Market’s initial reaction to the FOMC minutes last night clearly reflects a desire for more policy easing. Indeed the S&P 500 dipped around 10pts on the first read of the release before trimming those losses into the close. The index finished virtually where it started (0.00%) and the last time we saw this was on the 12th December 2010. Given the tone from the last meeting the minutes were always
going to be dovish but expectations of hints of further QE were clearly higher than that. Overall the minutes showed that further QE is not yet a consensus view amongst FOMC members and would only likely be triggered if the economic recovery were to lose momentum. So last week’s slightly disappointment payrolls number isn’t probably enough evidence yet. Ironically the market probably has a better chance of performing near-term if the data gets worse from here rather than flat lines.
Staying on the US theme, the trade deficit number came in largely in line with market expectations (-$48.7bn v -$48.6bn). That said, the softer trade data as well as recent indication of weaker inventory stocking have led our US economists to lower Q2 real GDP growth by one full percentage point to +1.4%. This has the effect of lowering their Q4 over Q4 forecast a couple of tenths to +2.2% from
+2.4% previously. The impact on the annual average is the same as well, +2.1% current versus +2.3% previously.
At the micro level corporate news offered further evidence of the challenging macro outlook. European equities were down after luxury retailer Burberry reported a Q1 sales growth that missed market consensus. Burberry share price hit a new low for the year after a -7.4% decline. Clothing company Levi yesterday said that Europe continues to be a challenge and that business in Asia has
declined. Marriott’s earnings were broadly in line with the market but said that demand growth is slowing in Middle East and Asia particularly for higher-end hotels. These are probably themes that will repeat themselves throughout the upcoming reporting season.
Back to the market whilst the US session finished unchanged the sector split was mixed. Industrials (-0.70%), IT (-0.61%) and Consumer Discretionary (-0.54%) were the main decliners while Energy (+1.39%) and Financials (+0.82%) were the main gainers that helped offset those losses. In credit its worth highlighting that despite all the intraday market volatility the bid for corporate bonds were fairly strong. Credit has certainly been out-performing of late.
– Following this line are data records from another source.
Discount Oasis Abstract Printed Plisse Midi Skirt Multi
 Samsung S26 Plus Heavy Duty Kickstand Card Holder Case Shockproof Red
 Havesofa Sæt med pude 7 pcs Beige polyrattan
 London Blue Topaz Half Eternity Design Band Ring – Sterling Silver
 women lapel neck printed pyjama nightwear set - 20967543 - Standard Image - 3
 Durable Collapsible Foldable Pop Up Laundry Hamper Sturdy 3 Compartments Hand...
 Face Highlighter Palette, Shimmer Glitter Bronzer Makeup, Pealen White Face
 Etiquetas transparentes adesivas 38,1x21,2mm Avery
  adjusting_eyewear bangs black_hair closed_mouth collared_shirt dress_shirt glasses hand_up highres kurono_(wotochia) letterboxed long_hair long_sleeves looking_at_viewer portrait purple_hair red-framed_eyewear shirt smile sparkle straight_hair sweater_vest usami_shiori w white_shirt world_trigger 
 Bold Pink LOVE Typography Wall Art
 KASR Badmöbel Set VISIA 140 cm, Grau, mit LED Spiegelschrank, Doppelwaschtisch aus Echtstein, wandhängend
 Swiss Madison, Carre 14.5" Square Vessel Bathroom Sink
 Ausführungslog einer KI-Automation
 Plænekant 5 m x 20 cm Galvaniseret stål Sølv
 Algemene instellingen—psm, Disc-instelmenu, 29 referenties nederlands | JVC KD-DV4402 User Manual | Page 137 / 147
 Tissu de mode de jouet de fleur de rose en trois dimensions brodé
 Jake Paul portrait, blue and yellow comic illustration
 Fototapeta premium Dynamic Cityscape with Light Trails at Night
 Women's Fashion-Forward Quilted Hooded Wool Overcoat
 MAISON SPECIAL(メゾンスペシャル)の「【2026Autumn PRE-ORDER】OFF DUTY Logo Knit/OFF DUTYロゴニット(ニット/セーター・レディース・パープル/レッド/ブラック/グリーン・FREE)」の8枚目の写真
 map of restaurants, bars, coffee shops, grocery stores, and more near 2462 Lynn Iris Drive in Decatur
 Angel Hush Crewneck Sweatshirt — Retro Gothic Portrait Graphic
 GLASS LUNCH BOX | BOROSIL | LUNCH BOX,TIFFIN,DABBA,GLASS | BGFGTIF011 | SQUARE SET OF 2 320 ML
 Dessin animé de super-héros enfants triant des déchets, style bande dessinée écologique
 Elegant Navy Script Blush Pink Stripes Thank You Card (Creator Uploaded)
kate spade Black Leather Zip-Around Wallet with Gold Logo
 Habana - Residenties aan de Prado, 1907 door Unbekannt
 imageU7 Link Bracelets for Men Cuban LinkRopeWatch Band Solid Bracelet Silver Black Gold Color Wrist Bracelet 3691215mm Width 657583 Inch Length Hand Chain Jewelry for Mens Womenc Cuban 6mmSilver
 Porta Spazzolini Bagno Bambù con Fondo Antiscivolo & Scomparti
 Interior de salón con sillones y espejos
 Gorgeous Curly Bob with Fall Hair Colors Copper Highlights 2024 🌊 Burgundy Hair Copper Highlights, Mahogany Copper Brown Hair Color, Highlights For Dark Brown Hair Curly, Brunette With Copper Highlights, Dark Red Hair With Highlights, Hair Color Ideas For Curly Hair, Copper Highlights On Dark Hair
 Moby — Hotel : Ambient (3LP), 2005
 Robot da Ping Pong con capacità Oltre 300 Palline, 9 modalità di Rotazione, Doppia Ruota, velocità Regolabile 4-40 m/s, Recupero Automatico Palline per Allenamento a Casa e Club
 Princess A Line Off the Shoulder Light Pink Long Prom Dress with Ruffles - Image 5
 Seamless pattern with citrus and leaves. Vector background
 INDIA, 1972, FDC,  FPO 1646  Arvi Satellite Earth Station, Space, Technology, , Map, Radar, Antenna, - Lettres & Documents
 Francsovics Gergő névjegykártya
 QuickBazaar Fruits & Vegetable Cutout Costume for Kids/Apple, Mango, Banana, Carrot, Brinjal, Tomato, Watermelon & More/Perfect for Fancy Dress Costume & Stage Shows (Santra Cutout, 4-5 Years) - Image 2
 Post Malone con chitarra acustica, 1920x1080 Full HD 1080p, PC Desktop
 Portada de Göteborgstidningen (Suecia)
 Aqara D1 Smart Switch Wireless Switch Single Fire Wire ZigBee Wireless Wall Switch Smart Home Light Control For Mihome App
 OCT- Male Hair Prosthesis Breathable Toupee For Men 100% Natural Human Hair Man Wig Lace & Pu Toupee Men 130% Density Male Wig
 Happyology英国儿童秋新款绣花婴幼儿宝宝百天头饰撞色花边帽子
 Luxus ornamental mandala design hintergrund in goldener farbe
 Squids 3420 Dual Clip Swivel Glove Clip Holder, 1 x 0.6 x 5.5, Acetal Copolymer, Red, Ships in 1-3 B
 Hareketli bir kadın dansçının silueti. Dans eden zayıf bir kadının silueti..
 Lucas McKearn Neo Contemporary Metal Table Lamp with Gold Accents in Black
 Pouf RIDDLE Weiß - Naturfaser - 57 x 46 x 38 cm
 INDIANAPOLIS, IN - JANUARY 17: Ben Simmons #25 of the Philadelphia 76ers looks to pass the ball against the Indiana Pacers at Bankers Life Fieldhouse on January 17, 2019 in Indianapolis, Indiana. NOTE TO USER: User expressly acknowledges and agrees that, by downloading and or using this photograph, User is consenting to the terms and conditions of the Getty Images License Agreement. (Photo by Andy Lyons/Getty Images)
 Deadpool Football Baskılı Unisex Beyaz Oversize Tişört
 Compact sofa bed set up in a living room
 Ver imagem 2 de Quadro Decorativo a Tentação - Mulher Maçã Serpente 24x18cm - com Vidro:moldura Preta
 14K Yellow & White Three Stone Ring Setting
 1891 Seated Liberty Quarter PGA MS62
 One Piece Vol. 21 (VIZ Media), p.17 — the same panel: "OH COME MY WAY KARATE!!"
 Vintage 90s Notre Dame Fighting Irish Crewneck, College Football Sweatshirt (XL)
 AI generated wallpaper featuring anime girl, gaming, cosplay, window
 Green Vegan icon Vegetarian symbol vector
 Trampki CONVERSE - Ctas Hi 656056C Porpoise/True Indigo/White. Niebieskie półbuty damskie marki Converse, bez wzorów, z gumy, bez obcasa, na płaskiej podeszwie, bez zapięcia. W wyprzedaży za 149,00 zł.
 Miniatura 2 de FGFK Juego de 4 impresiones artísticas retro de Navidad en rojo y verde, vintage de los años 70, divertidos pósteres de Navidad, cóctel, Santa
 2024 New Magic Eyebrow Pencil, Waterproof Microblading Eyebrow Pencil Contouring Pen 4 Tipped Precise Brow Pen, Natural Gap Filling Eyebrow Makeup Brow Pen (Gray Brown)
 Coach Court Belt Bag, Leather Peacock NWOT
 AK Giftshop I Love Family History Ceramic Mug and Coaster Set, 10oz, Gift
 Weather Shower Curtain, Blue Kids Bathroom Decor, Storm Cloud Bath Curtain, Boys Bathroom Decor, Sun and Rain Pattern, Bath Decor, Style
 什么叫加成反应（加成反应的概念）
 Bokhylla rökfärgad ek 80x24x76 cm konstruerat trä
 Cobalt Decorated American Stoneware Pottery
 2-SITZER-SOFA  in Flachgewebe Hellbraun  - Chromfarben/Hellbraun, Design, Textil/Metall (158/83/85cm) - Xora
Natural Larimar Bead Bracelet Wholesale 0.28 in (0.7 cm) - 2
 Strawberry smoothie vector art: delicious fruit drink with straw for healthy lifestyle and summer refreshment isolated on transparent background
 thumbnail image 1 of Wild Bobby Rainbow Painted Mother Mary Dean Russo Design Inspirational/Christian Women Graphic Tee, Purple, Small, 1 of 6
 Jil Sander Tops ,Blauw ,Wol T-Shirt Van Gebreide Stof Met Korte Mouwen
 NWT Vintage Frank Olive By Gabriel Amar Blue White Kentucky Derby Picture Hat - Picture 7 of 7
Anheuser-Busch InBev printed a $7.5bn deal yesterday with books said to be around $29bn across the 3/5/10/30yr tenors. The deal performed well on the break helped unsurprising given the over subscription.
Moving on to Asia the risk tone remains weak overnight. The Bank of Korea’s unexpectedly rate cut was the main development cutting its key rate down 25bp to 3%. It was also the first BOK cut since February 2009 as they expect some tougher times ahead for the economy. The KOSPI (-0.9%) is still down on the day but Korea’s front end rates have declined by around 15-18bps.
Elsewhere in Asia the Nikkei is down -1.1% and the Hang Seng is down -1.6% with the latter still concerned about the slowdown in China. China’s data dump tomorrow, especially the GDP print, will clearly be very closely watched. Asian CDS indices are outperforming though despite the weakness in equities overnight. The Asia and Australia iTraxx indices are both around 2bp tighter on the day with the former significantly outperforming peers in year to date terms.
Turning to Europe the major development yesterday came from Spain as the government announced its fourth austerity package in 7 months. These measures, totalling some EUR65bn includes cuts in unemployment benefits, reduction in pensions and hikes in sales
taxes. Spanish bonds had another decent day yesterday with the 10-year yield down by 24bp to 6.577%. Away from Spain, Finland is in discussions to get shares in Spanish banks as collateral in exchange for its contribution to the bailout, according to Bloomberg. Elsewhere, Mr. Schaeuble yesterday reiterated his stance on shared liability, saying that “as long as we don’t have a common fiscal policy, we can’t mutualise liability”. Greece sold EU1.625bn in 6-month T-bills yesterday with yields down slightly versus a previous June auction.
Looking at today, initial jobless claims will be a key data to watch as ever as markets are expecting a moderate -4k decline from last week’s. We also have the monthly budget statement from the US today. CPI releases from France and Ireland as well as the Greek
unemployment rate are the notable releases in Europe today. Auction wise, Italy plans to raise as much as EU7.5bn via 12-month bills but tomorrow’s Italian bond auction is the more relevant event.
Readers from yesterday will be pleased to know I’m off on another trip just after I press send on this but have remembered my Ipad this time. The trouble is I’m now a quarter of the way through the emergency paper book I bought! The dilemma!